Clips not being detected? Check these three things first before reading further:
- Stream is tagged as Monster Hunter Wilds — not just “Gaming”
- Stream visibility is set to Public
- No overlays are covering the kill feed or ability HUD
Configure your stream correctly so Eklipse AI detects highlight moments automatically. Proper configuration allows the platform to read your game state and generate clips in real time.
STEP 1: TAG YOUR STREAM AS MONSTER HUNTER WILDS #
Eklipse detects highlights based on your stream category. It must be set to Monster Hunter Wilds specifically — not just “Gaming” or another game title.

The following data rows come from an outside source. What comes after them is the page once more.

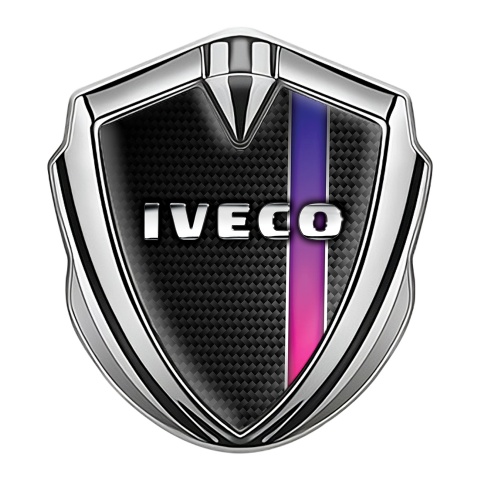 Iveco Emblem Self Adhesive Silver Black Carbon Chrome Logo Edition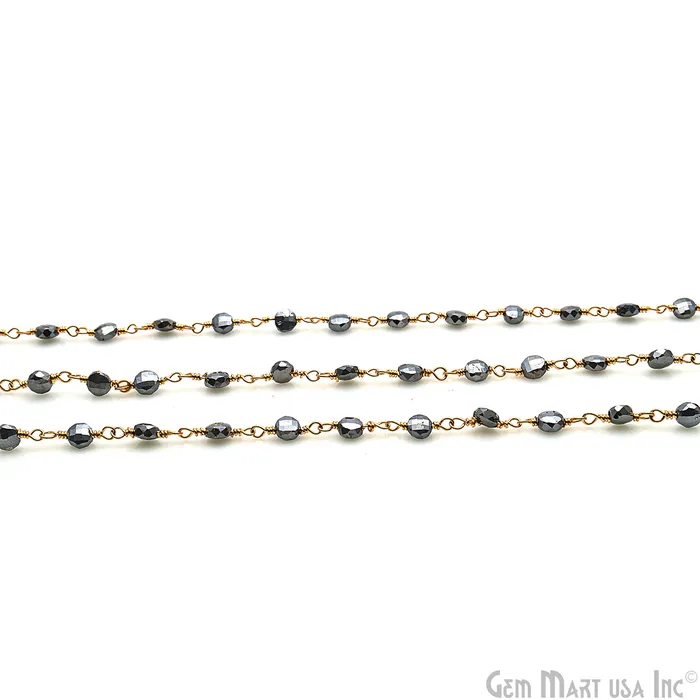 Pyrite Faceted 34mm Gold Wire Wrapped Rosary Chain GemMartUSA PreStyled Sets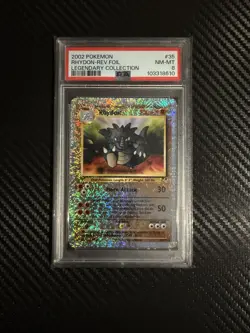 2002 POKEMON LEGENDARY COLLECTION #35 RHYDON-REVERSE FOIL PSA 8 - Image 1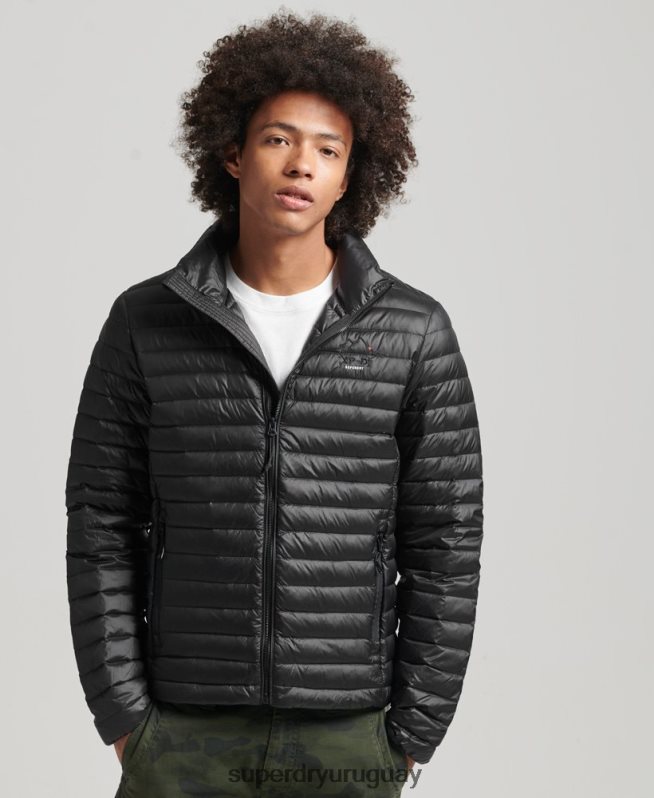 uy Superdry hombres chamarra de plumón con núcleo técnico negro DT2N8Z4474 ropa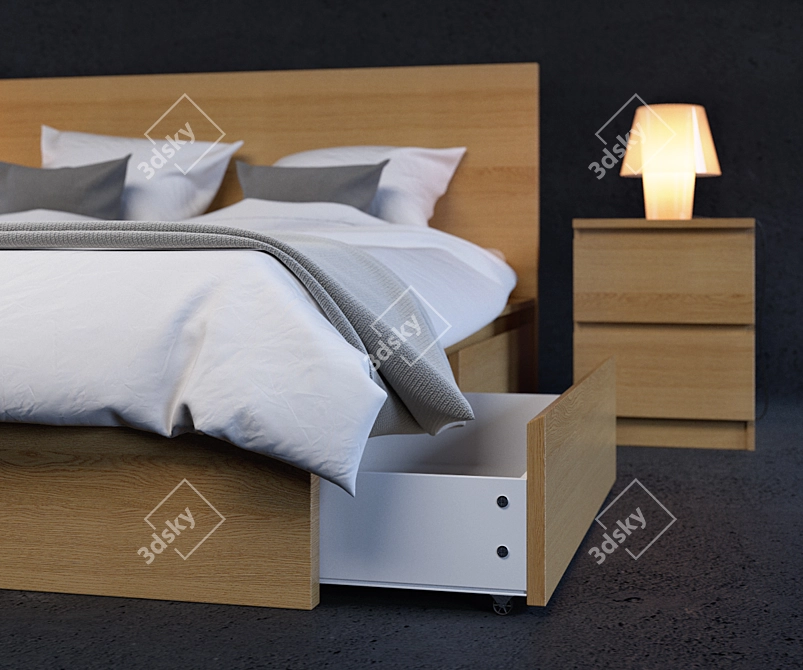 Modern Bed Set | IKEA MALM | Spacious and Stylish 3D model image 3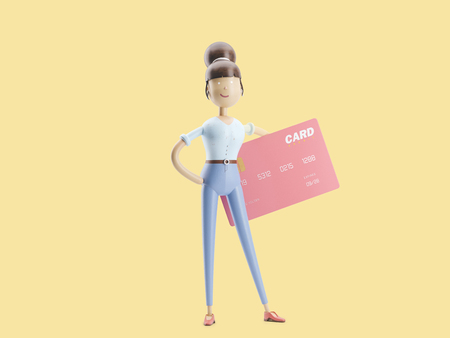 cartoon character girl with a big credit card. 3d illustrationの写真素材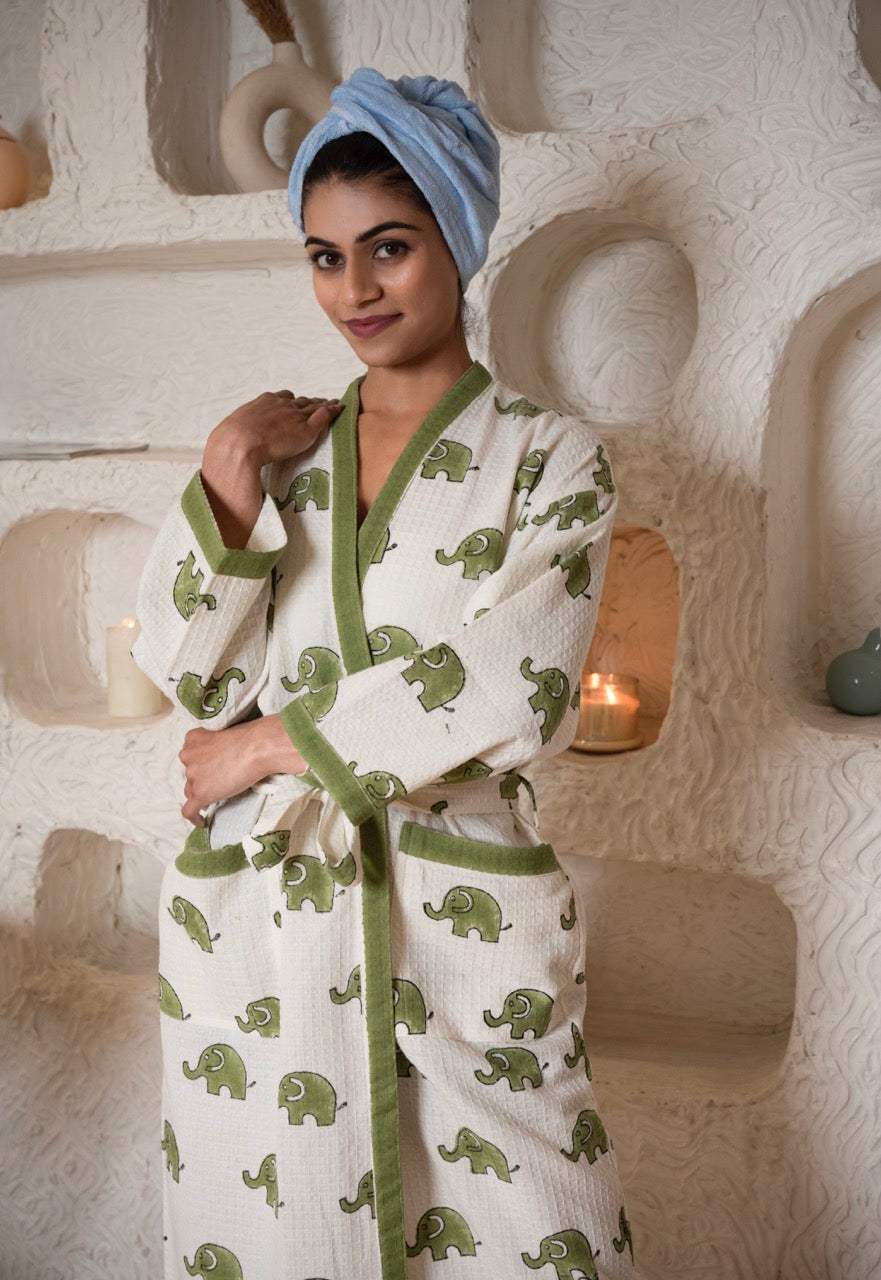 🐘 Elephant Cotton Waffle Handblock Printed Bath Robe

- Twitch: Creator Dashboard → Stream Manager → Edit Stream Info → set Category to Monster Hunter Wilds
- YouTube: YouTube Studio → Go Live → Edit → Category: Gaming → Game title: Monster Hunter Wilds
- Facebook Gaming: Start Live Stream → under Gaming → select Monster Hunter Wilds
STEP 2: SET STREAM VISIBILITY TO PUBLIC #
Eklipse cannot process private or unlisted streams. Set visibility to Public before going live — not after.
STEP 3: KEEP CRITICAL HUD ELEMENTS VISIBLE #
HUD stands for Heads-Up Display — the layer of information your game shows on screen during gameplay. This includes health bars, kill counters, score displays, ability icons, objective markers, and anything else that tells you the current state of the game.
Eklipse AI reads your HUD in real time to detect highlight moments. It does not watch gameplay the way a human does — it identifies clips by detecting specific on-screen signals. If those signals are covered by stream overlays such as your facecam, alert notifications, or chat box, Eklipse cannot detect the event and the clip will not be generated.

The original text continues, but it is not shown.